• EXERCISE: Exercise in exact copying: restate word for word only the lines below from the one containing "Marangozluk atölyesinde kesim" through the one containing "back of property", omitting any pictures.

Stored dataset items
+===+
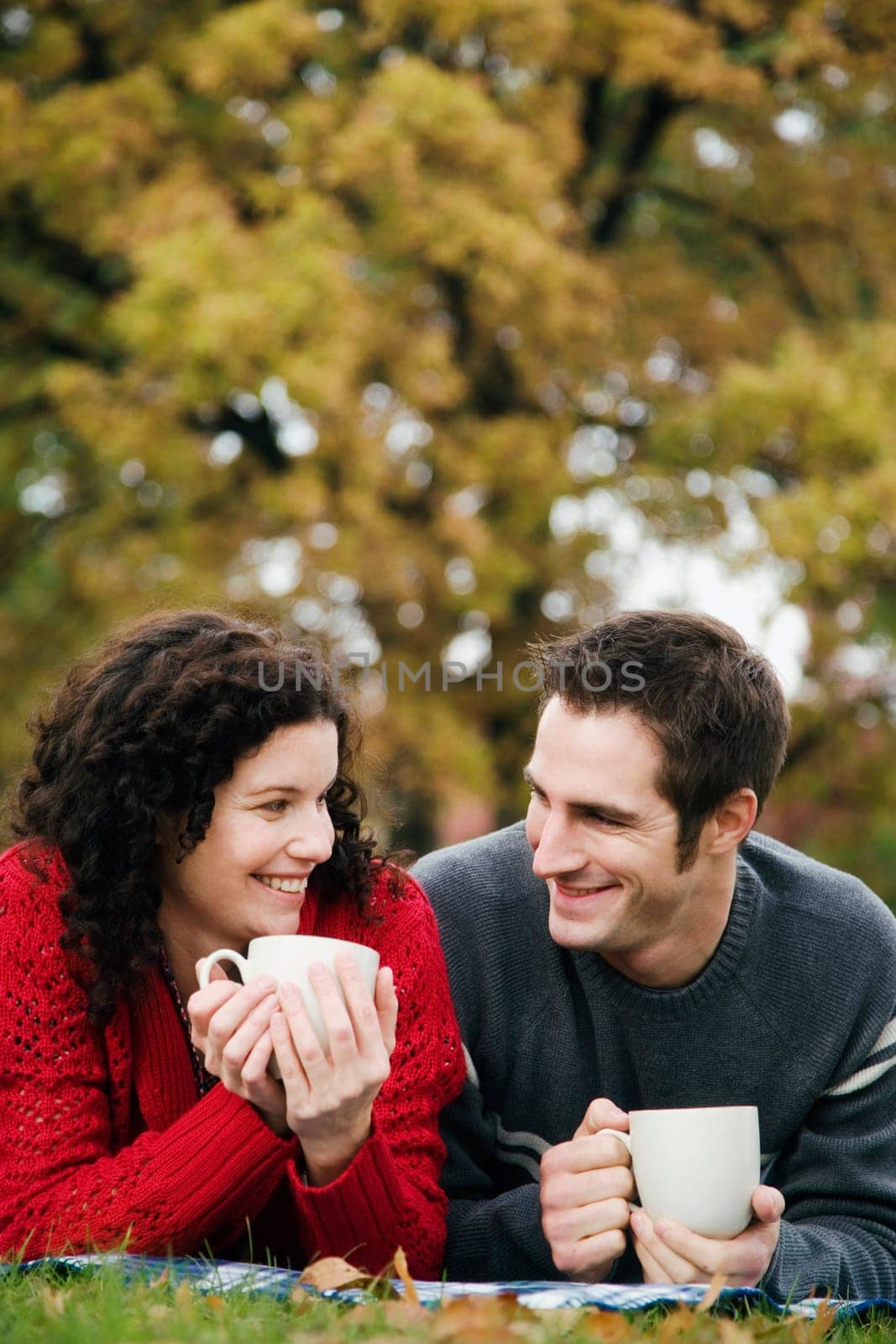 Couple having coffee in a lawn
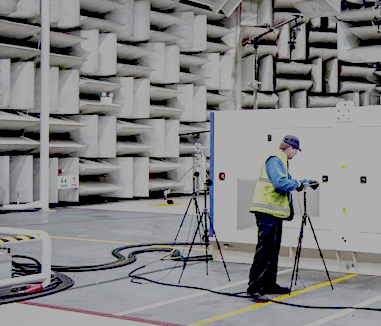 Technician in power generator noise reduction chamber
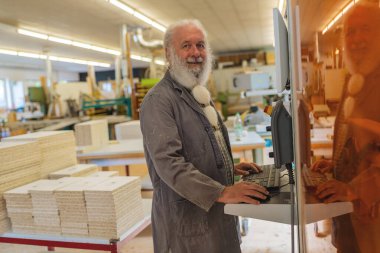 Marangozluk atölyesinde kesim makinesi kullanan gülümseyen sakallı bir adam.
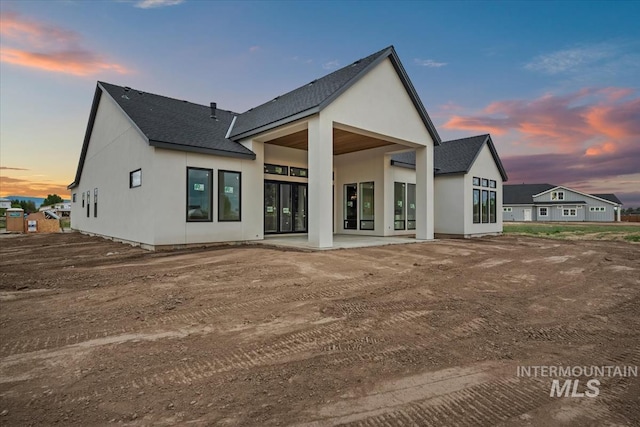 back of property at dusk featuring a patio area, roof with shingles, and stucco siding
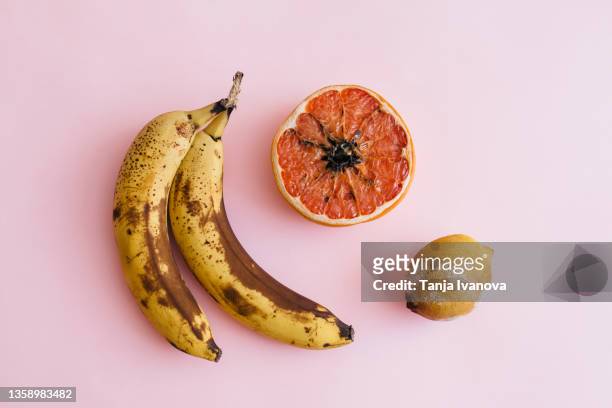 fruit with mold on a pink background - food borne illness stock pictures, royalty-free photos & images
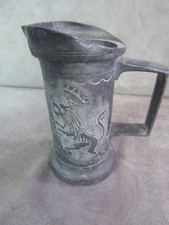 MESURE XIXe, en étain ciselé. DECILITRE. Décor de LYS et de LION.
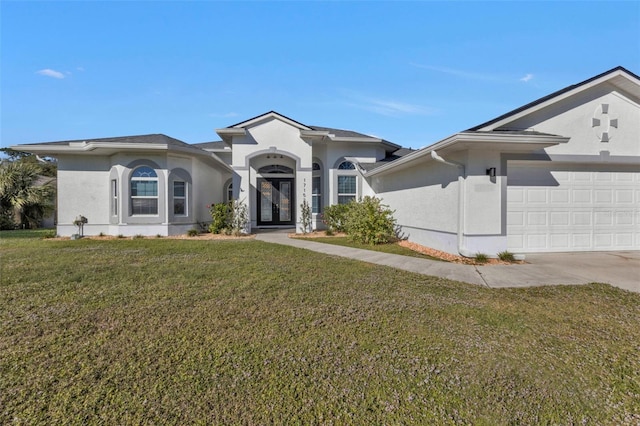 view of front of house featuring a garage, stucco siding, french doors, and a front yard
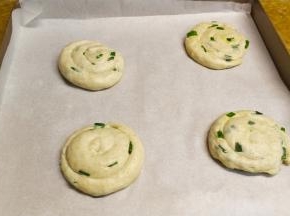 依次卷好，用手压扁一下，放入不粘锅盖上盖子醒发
+===+
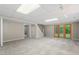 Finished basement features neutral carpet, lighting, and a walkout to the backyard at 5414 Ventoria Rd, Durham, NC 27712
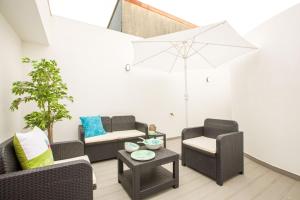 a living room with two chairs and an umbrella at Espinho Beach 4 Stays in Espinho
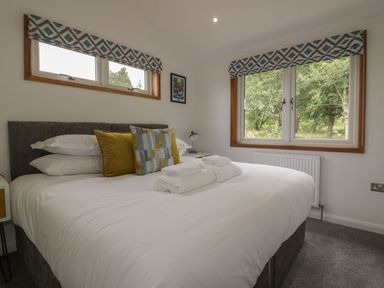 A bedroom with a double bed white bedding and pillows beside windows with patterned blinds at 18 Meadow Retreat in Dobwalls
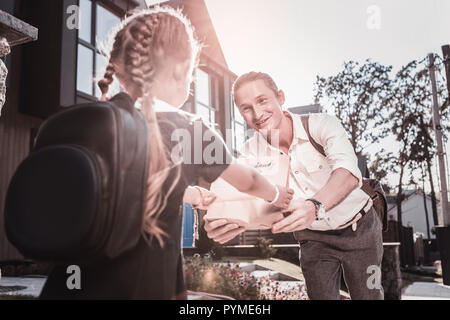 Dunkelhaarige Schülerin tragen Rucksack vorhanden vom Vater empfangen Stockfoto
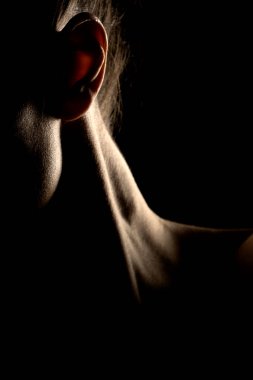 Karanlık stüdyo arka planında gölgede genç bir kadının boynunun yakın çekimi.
+===+
• OUTPUT OF THE EXERCISE:
 Marangozluk atölyesinde kesim makinesi kullanan gülümseyen sakallı bir adam.
 back of property at dusk featuring a patio area, roof with shingles, and stucco siding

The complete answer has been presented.